#Borders this week goes to Petsamo, a Finnish province that only existed between 1921 and 1922.
The area had to be ceded by the Russian Soviet Federative Socialist Republic to Finland in 1921 as a result of the Treaty of Tartu, and the following year it was merged with the province of Oulu. In 1939, with Petsamo having become a part of the new province of Lapland, the area was occupied by the Soviet army, which left already in 1940 as part of the Moscow peace agreement. However, in 1944 Finland returned Petsamo again to the Soviet Union.

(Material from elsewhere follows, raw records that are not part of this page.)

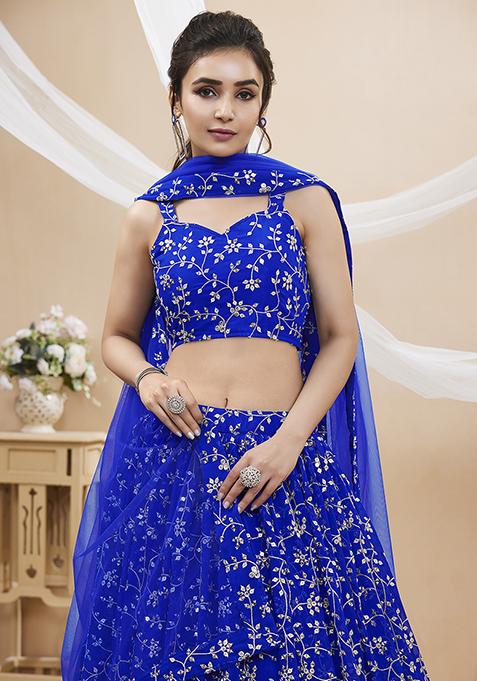 Blue Sequin Zari Embroidered Georgette Lehenga Set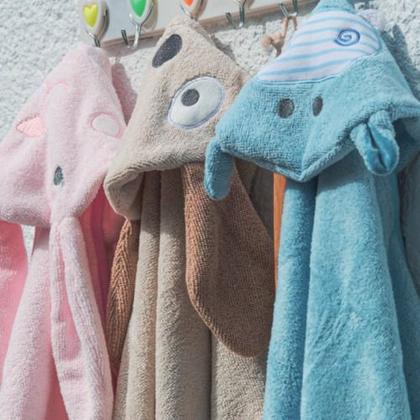 Imagem de Toalha De Banho Com Capuz Infantil Aconchego Camesa 80x100cm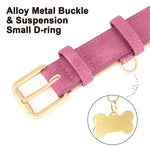 Pink dog collar with alloy buckle, small D-ring, and engraved ID name plate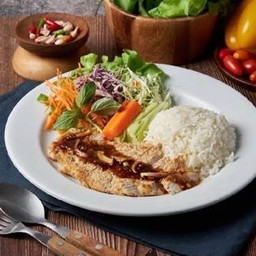 ข้าว สเต็กไก่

The Kansallisarkisto holds a map from the early 20th century – as you can see a very fragmented area not only in its political geography but in its physical one: http://www.archivesportaleurope.net/ead-display/-/ead/pl/aicode/FI-1/type/fa/id/VAKKA-276241.KA/dbid/C375613621/search/0/Petsamo
“The area was ceded by the Soviet Union to Finland in 1921” === can’t be so because Soviet Union aррeared in december 1922 and didn’t exist in 1921… The facts were the following – On 18 May 1918 the Finnish government declared war on Soviet Russia. During the war the russian area around Pechenga was occupied by the Finnish forces, and as a result of the Treaty of Tartu in 1921 became a part of Finland, renamed Petsamo.